▶ [Exercise objective] Count every line in the following listing that contains "Gray", then report that count with nothing added.
(Beginning of Task inputs)
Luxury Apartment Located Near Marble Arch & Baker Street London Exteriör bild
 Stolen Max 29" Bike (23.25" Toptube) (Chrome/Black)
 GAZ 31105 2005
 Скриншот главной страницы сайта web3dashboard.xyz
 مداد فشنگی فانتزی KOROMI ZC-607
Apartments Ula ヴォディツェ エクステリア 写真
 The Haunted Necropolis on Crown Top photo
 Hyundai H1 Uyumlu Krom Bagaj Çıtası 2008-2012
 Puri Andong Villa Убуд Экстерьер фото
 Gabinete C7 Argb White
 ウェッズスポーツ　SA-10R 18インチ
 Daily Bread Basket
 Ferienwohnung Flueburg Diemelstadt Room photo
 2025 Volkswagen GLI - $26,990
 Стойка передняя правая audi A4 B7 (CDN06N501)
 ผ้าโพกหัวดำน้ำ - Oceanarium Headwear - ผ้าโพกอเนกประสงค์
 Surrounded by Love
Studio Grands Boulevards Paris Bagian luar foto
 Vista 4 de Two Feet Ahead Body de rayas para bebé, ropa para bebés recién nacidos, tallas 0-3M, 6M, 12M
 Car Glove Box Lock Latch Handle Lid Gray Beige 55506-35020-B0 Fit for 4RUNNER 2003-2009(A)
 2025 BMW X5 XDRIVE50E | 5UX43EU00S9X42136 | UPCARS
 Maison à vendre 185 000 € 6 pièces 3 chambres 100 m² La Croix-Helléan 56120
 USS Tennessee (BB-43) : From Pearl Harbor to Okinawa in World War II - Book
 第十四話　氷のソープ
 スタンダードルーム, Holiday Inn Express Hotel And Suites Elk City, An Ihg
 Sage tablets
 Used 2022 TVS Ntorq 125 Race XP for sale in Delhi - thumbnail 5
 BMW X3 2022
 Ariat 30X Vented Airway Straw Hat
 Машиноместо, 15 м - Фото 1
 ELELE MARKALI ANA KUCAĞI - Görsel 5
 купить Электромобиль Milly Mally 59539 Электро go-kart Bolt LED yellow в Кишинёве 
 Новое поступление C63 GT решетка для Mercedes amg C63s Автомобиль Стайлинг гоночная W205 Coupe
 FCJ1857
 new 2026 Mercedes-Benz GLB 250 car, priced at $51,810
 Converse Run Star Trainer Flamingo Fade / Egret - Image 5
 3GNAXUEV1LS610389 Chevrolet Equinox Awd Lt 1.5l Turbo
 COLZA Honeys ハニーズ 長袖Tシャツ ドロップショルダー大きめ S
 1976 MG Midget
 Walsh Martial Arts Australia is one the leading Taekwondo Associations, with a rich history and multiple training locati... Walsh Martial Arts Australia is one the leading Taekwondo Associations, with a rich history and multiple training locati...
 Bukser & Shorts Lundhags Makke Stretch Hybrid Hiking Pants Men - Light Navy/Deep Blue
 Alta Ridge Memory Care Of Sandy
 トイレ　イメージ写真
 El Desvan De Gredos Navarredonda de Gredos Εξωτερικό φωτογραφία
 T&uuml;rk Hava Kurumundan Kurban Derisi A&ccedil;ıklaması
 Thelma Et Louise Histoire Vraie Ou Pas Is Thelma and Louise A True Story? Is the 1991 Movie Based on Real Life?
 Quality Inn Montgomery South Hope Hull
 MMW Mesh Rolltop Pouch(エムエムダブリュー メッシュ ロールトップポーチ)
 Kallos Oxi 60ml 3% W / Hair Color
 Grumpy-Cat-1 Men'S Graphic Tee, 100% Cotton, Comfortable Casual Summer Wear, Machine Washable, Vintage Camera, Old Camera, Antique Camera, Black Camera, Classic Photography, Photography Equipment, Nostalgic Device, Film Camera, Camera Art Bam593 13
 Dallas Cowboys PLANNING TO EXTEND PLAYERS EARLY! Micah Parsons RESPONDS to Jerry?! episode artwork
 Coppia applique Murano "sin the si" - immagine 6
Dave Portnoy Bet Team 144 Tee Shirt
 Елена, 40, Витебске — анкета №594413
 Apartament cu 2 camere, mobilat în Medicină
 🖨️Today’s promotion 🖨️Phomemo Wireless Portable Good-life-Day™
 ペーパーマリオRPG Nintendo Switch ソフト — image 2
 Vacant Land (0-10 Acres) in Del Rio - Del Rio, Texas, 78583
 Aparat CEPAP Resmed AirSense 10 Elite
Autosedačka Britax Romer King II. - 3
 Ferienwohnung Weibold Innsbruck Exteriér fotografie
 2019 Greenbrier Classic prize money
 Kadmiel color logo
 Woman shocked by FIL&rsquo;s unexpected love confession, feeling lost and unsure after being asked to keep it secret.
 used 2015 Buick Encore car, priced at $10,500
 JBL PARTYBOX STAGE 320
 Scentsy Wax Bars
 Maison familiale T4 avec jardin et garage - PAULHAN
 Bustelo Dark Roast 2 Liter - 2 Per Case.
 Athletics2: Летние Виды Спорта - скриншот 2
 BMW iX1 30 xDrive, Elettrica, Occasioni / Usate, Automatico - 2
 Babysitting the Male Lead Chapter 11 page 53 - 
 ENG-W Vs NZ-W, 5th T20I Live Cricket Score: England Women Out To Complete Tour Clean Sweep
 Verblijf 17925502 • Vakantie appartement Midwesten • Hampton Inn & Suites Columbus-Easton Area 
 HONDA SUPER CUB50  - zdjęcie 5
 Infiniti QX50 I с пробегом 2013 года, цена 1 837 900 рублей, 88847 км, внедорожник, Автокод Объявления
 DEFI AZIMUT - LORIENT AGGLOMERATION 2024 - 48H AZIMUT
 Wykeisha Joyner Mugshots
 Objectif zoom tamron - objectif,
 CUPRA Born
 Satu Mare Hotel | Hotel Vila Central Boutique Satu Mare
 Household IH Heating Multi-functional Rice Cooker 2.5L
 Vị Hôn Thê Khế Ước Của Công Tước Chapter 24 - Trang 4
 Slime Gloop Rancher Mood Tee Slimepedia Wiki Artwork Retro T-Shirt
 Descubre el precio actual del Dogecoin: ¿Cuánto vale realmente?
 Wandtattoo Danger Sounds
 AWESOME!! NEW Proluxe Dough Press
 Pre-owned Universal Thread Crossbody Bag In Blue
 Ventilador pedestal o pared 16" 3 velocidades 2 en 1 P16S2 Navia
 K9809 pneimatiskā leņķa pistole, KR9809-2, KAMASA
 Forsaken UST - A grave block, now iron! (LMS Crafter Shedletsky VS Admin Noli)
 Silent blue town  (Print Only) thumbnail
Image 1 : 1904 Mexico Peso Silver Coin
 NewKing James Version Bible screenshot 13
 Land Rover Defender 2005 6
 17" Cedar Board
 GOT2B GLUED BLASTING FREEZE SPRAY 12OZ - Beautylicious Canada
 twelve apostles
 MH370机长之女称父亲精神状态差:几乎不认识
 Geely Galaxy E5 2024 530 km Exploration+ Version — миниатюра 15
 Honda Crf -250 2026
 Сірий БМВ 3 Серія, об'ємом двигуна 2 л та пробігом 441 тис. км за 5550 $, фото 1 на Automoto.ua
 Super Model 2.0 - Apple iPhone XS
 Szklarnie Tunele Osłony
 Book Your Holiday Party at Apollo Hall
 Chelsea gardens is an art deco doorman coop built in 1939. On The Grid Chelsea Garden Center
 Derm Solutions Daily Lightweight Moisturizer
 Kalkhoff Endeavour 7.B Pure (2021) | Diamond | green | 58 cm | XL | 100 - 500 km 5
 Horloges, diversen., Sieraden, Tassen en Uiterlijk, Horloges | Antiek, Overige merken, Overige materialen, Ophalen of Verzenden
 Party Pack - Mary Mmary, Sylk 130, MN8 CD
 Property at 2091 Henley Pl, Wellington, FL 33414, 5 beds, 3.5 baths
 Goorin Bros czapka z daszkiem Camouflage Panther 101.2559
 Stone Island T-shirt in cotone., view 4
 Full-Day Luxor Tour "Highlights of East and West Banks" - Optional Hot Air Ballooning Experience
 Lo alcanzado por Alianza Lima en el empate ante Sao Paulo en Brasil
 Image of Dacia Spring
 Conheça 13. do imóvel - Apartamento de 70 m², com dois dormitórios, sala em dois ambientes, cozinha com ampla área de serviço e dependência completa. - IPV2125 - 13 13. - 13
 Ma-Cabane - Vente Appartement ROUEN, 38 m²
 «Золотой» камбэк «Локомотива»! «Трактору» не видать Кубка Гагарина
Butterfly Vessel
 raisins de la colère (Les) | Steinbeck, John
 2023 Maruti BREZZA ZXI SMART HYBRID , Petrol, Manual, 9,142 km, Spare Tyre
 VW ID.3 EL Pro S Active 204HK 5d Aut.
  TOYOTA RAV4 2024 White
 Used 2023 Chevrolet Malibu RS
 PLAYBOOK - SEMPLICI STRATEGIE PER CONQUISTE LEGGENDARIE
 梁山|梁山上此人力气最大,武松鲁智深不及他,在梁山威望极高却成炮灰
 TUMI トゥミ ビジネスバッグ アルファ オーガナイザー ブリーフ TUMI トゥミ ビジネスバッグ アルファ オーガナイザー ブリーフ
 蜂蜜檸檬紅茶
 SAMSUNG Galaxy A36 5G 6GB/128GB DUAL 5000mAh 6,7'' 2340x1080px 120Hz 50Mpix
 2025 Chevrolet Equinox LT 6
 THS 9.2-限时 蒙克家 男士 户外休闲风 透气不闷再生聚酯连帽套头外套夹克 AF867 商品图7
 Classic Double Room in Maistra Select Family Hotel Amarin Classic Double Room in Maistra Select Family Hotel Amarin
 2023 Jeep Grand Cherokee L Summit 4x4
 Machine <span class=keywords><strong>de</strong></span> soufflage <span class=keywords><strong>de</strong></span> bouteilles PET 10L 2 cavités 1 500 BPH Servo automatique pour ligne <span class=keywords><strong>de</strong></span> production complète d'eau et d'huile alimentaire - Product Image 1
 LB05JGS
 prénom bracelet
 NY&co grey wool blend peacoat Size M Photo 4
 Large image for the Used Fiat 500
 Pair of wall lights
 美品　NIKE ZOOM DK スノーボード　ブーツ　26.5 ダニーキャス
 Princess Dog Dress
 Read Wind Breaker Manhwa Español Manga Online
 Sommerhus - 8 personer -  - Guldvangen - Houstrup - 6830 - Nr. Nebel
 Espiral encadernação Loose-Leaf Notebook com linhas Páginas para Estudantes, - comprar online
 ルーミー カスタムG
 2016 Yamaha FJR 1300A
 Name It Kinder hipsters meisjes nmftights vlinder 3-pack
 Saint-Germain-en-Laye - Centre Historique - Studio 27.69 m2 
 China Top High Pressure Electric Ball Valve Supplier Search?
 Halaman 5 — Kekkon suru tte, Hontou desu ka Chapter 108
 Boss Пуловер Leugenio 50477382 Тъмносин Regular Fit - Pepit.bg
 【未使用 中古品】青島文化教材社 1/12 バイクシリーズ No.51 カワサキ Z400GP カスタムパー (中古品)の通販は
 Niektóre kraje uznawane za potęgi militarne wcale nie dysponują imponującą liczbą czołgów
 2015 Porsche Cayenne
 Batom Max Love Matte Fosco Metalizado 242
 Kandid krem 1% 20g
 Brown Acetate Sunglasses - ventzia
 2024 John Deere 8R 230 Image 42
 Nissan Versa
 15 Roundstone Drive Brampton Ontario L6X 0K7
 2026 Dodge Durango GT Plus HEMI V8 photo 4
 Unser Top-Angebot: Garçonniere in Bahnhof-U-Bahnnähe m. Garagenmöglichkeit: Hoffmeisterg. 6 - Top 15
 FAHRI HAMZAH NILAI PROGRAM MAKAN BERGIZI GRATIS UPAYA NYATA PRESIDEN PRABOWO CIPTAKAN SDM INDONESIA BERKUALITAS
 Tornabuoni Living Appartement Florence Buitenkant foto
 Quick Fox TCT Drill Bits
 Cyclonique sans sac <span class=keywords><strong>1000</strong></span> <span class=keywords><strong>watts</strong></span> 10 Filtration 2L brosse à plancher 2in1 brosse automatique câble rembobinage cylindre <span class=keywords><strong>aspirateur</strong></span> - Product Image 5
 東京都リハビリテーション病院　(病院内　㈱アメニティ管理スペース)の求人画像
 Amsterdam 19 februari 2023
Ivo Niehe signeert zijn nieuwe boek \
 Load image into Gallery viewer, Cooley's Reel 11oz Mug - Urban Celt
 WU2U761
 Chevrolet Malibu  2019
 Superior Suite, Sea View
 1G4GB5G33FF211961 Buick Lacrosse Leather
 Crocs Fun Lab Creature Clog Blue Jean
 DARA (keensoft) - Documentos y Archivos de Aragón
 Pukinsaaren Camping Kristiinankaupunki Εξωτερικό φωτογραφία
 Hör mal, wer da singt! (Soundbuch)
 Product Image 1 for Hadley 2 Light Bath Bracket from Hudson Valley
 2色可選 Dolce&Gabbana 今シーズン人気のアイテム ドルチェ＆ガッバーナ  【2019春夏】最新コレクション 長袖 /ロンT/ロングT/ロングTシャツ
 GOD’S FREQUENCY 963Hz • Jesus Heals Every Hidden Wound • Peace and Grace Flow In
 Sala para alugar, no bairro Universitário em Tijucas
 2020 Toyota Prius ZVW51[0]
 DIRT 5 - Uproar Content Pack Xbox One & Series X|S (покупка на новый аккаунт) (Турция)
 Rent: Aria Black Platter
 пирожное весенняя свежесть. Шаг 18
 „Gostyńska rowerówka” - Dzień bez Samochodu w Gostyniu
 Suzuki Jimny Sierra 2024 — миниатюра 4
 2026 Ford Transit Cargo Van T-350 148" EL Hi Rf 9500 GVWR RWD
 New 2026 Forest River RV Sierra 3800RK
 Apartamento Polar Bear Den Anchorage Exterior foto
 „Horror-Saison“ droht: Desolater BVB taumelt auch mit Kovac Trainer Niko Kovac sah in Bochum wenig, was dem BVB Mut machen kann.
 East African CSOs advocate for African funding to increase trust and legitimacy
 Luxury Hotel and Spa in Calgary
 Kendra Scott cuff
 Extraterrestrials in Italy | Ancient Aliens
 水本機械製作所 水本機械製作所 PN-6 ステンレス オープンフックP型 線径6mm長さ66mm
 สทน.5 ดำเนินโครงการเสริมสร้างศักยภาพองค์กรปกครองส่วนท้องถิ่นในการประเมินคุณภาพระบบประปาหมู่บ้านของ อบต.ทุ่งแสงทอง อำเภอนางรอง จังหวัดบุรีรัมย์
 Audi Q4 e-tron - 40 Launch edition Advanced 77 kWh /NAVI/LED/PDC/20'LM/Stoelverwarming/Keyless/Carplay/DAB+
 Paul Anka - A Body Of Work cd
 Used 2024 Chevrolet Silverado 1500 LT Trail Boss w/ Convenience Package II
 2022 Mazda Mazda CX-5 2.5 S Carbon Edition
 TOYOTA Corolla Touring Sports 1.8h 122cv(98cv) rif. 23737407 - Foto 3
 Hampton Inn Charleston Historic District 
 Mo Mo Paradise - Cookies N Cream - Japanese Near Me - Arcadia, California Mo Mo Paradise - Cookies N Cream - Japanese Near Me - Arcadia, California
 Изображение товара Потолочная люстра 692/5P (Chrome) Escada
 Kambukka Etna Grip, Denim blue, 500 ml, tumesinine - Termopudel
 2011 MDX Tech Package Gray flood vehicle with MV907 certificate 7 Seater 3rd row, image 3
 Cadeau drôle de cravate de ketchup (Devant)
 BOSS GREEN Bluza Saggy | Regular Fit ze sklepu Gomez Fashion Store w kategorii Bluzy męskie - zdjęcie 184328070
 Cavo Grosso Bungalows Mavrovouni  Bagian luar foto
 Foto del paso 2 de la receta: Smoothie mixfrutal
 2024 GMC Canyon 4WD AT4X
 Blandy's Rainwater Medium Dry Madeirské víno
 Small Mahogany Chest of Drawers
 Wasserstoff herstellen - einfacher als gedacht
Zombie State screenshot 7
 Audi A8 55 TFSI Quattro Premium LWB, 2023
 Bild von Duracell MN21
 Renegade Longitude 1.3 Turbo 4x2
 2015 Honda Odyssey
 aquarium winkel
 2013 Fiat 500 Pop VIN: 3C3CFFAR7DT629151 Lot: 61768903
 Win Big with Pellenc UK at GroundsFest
(End of Task inputs)
▶ [Your response] 2